Sexton snapped the telescope closed. “ ’Tis nothing more than the reduction of gravitational attraction.”

With all his learning, Sexton sometimes lapsed into Latin without realizing he had done so. “What is the treatment?” Kidd asked. “Bleeding? An emetic?”

At that Sexton laughed. “Fear not. It is no disease, but a natural consequence of our distance from the Earth. This phenomenon was predicted by Newton and confirmed by Halley on his first attempt to reach the Moon. As we travel farther from the mother sphere, the attraction of her gravity—in layman’s terms, our weight—will grow less and less. Already we weigh only three-quarters as much as we would at home.” He bounced on his toes, and Kidd noticed the man’s wig bounding gently atop his head.

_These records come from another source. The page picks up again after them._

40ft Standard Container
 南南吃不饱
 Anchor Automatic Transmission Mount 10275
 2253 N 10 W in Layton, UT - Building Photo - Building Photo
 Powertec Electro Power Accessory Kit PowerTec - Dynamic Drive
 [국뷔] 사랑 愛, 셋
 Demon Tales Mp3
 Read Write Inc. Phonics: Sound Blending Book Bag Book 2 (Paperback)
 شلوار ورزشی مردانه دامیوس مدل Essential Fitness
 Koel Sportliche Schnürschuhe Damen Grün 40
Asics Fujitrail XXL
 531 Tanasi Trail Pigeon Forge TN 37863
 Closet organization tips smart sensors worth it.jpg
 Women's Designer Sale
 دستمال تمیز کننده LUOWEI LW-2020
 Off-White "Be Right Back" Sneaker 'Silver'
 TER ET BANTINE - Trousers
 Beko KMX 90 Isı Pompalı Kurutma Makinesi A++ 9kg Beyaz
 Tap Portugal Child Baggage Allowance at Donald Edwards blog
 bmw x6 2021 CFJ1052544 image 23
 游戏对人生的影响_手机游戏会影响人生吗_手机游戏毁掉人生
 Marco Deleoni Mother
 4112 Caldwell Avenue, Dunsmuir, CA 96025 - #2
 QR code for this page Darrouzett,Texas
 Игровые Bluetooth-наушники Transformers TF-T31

Kidd too bounced on his toes, and was astonished to find the small effort propelled him several inches into the air.

“Before the day is out,” Sexton continued, “we will pass out of the Earth’s demesne and into the interplanetary atmosphere. There we will exist in a state of free descent, and will feel ourselves to have no weight at all. That is the point at which we will be able to retire the balloons and continue with sails alone.”

No matter how many times Sexton had explained this phenomenon, Kidd had never quite been able to comprehend it. But now, with his thirteen stone pressing so lightly against his feet, he felt that he was beginning to understand. Again, he hopped lightly into the air, feeling himself float giddily for a moment before his boots struck the deck. “I see,” he said.

While Kidd had been bouncing, Sexton had resumed his telescopic observations. “Of course,” he said, peering upward through the instrument, “we must first traverse the boundary between the planetary atmosphere, which rotates along with the Earth, and the interplanetary atmosphere, which orbits the Sun.” He collapsed the telescope. “There may be a bit of turbulence.”

“You call this ‘a bit of turbulence’?” Kidd shouted in Sexton’s ear.

The two men clung for their lives to the whipstaff that controlled the ship’s great sail-like rudder. Not only did it require the full extent of the two men’s strength to keep the ship on course through the air, but only by clinging to the staff could they be certain they would not be blown overboard, to vanish immediately into the vastness of the air. Two of the crew had been lost before Kidd had ordered the men to tie themselves to the masts.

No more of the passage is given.